The sign was not new. For almost six years there had been no local health services in Kinmount, Ontario—no family doctor, no immediate emergency care, with the nearest hospital some twenty kilometres away. The town, cradled by a long bend of the Burnt River at the edge of the Haliburton Highlands, numbered almost 400 permanent inhabitants. Several thousand more people lived in the immediate townships, and each summer the population increased significantly. If you fell ill here, however, you were on your own.

Then suddenly, in 1999, the sign was taken down and a banner welcoming Mihu replaced it. Kinmount, miraculously, had acquired a family physician.

Visit any medical school in Canada and ask, “Who plans to practise family medicine” and too few hands will go up. Having competed with thousands to get into these prestigious schools, and already deeply in debt, most of these ambitious young adults feel they cannot afford to become family doctors in Canada. Without fringe benefits, and after the expenses of renting a clinic, paying for receptionists and nurses, and buying equipment and supplies, a family doctor working forty-hour weeks could expect to take home roughly the salary of a union plumber, auto worker, or skilled bricklayer (around $70,000). But with a few more years of training, medical students can become specialists, virtually guaranteeing them twice the income of a family doctor.
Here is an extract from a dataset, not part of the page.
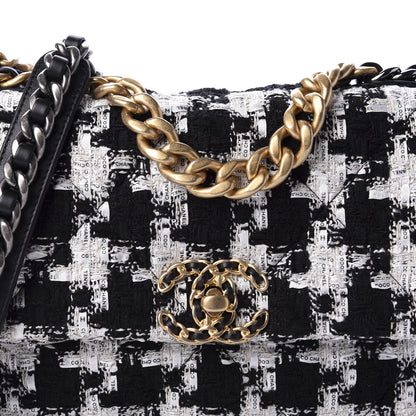Chanel Tweed Quilted Medium 19 Flap Black Ecru White 10 of 11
No wonder family medicine is an increasingly unpopular option, especially if it means having to move to a community that cannot provide a job for your spouse or decent schools for your kids. Reside in a Canadian city and you will be lucky to have a family doctor. Move to the suburbs and you can spend years waiting to join a local clinic. Live in rural Canada and there is a good chance that an emergency ward in a distant city will be all your children will ever know. In 2004, almost five million Canadians did not have a family doctor, and in Ontario, according to the Ministry of Health, there are 138 communities facing a critical lack of physicians.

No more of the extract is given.